| What is required |
From the data below, copy exactly the lines that lie between the one holding "Set Collana e" and the one holding "Need Something? I'm", including both, and nothing more.

| Extracted material |
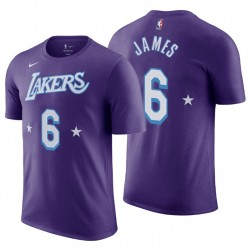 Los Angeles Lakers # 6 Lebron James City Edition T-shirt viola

---

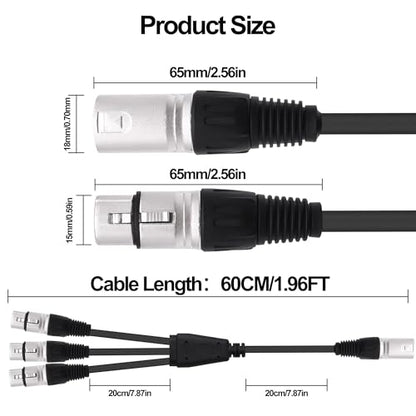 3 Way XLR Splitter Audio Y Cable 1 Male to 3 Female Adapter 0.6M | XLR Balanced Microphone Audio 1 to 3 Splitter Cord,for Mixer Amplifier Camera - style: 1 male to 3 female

...

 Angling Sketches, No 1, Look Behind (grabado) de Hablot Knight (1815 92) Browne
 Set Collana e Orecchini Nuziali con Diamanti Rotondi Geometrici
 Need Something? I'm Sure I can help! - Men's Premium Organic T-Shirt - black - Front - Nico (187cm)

| Answer box |
 Set Collana e Orecchini Nuziali con Diamanti Rotondi Geometrici
 Need Something? I'm Sure I can help! - Men's Premium Organic T-Shirt - black - Front - Nico (187cm)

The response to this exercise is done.